_ACTION ITEM_
Write out exactly, and only, the lines below from the line with "Tableau de bord : calendrier de l'ACTE" through the line with "Teil A 3 Abbildung 2.max 800x600"; pictures do not belong in the copy.
** Opening EXERCISE MATERIALS block **
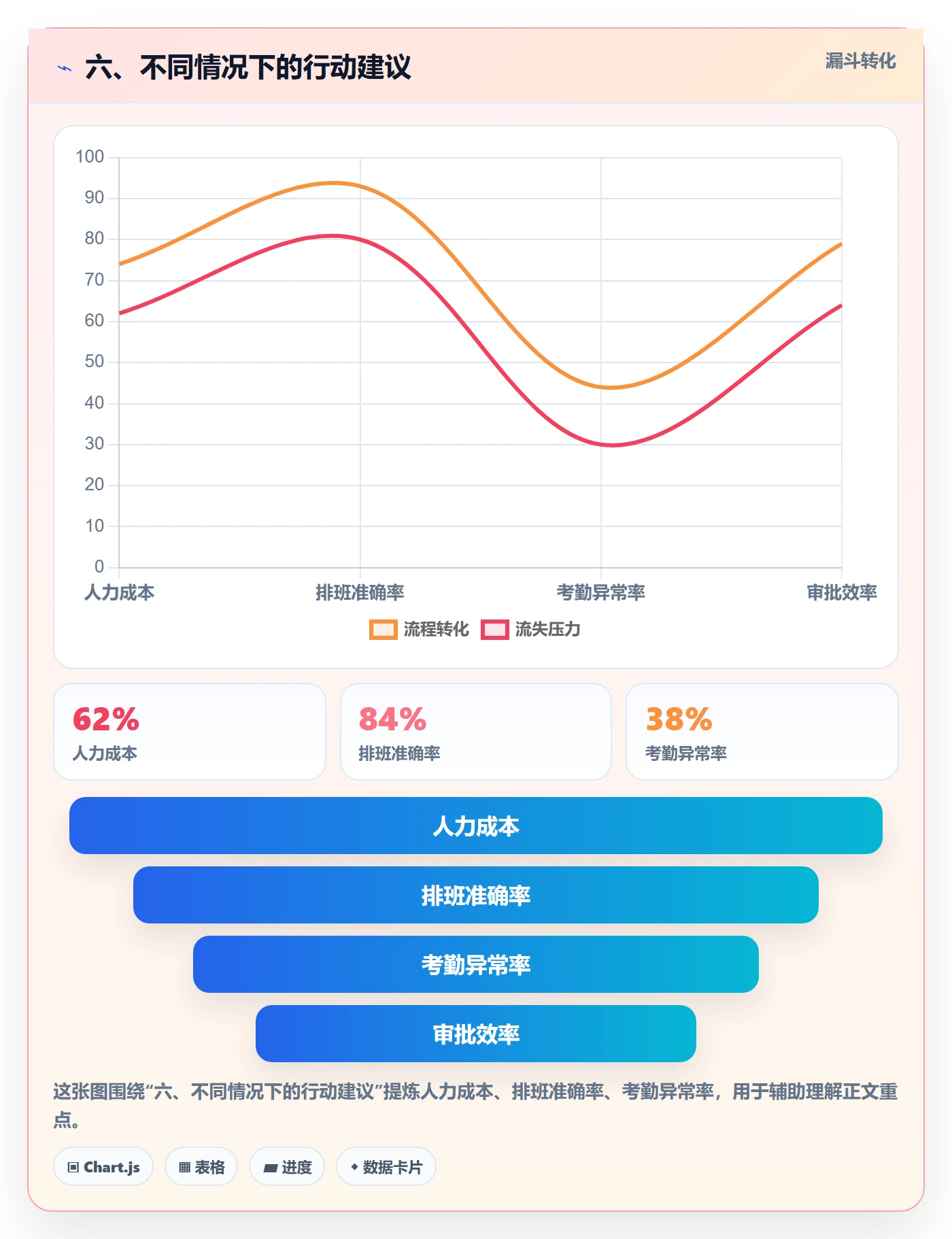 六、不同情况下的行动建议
** Closing EXERCISE MATERIALS block **
** Opening EXERCISE MATERIALS block **
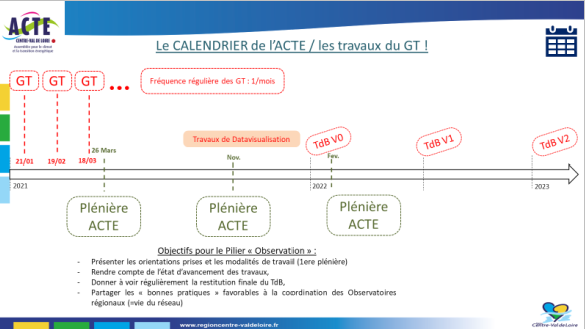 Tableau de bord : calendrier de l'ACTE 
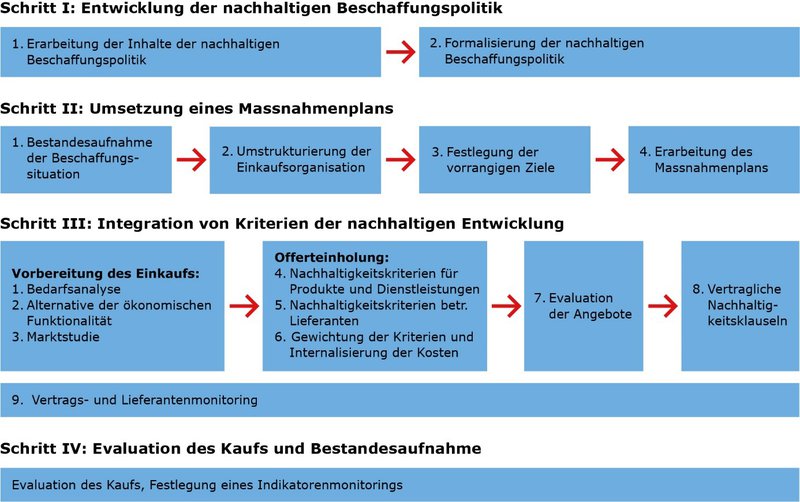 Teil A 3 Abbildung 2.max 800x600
** Closing EXERCISE MATERIALS block **
_EXERCISE RESPONSE_
 Tableau de bord : calendrier de l'ACTE 
 Teil A 3 Abbildung 2.max 800x600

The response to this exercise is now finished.